Kubernetes with GPUs¶
In this example, we'll adapt elements of the HA Kubernetes example and the GPU Ollama setup to work together, so you can launch Pods with GPU acceleration.
Set up a config¶
Create the k3s-gpu.yaml
file as below:
config:
host_groups:
- name: gpu
storage: image
storage_size: 30G
count: 1
vcpu: 4
ram_gb: 16
gpu_count: 1
network:
bridge: brgpu0
tap_prefix: gputap
gateway: 192.168.139.1/24
github_user: alexellis
kernel_image: "ghcr.io/openfaasltd/actuated-kernel-ch:5.10.240-x86_64-latest"
image: "ghcr.io/openfaasltd/slicer-systemd-ch:5.10.240-x86_64-latest"
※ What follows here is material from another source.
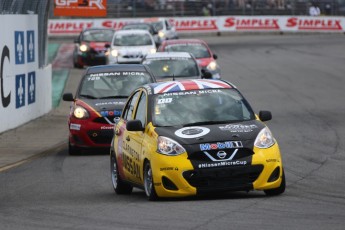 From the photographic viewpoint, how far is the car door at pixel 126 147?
13041 millimetres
hypervisor: cloud-hypervisor
Feel free to customise the vCPU, RAM, and disk sizes.
Boot up the VM:
sudo -E slicer up ./k3s-gpu.yaml
Now, run the route commands so you can SSH into the host from your workstation.
Next, log into each VM via SSH:
ssh ubuntu@192.168.139.2
Next, install K3s using K3sup Pro or K3sup CE.
For CE:
k3sup install --host 192.168.139.2 --user ubuntu
You'll get a kubeconfig returned, run the commands to export it so kubectl uses it.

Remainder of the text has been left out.